Friday, April 22, 2011


Bridge, good. VLANs, great. CARP, awesome. BRIDGE+VLAN+CARP, pwned. We decided to purchase a pair of atom-based systems for use as the office firewalls. The only thing we weren't completely pleased with was the single Ethernet port. Given that we have been using vlans elsewhere on the network, we didn't expect that there would be any problems using vlans for all interfaces. It turned out to be a big box of pain. In addition to routing problems, we also appear to have aggravated a bug that hangs the system.

VLAN+CARP is a fairly common configuration on firewalls. Our office and DC LANs use the same subnet and are bridged over an OpenVPN tunnel. Trying to incorporate VLAN+CARP into into a bridge seems to cause problems. This diagram illustrates our logical network setup.

After a lot of trial and error, a number of conclusions were drawn.
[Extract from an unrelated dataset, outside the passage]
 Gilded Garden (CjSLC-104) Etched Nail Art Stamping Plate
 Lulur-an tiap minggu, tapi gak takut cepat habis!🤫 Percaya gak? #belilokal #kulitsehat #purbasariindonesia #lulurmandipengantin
  • Routing over the bridge doesn't work the same when using vlans. The VPN server pushes a route to our production network when clients connect. When the office firewall was using a physical Ethernet interface for the LAN, this route would refer to the LAN interface as the outgoing interface for this connection. This seems counter-intuitive, but it worked just fine. When the Ethernet LAN interface was replaced with a vlan, the tap (VPN) interface was referenced by the route to production. This seemed to be more logical, except that the Production network became unreachable.
  • After some troubleshooting, I figured out that access to the production network could be fixed by adding a static route to the DC firewall (next-hop to production network) pointing out the tap interface. This seemed to allow traffic to flow smoothly to production.
  • Adding CARP into the above configuration caused the firewall to hang randomly. There seemed to be no indication of a crash, no excessive resource use or network traffic.
  • Routing traffic between tagged vlans and the underlying physical interface may be problematic. This was an earlier configuration I tried, and it seemed to have issues. However, at the time I had not identified CARP as the source of the system hangs, so this may be a non-issue.

The routing issue was reported in a PR that can be found here. The routing tables mentioned above can be found here.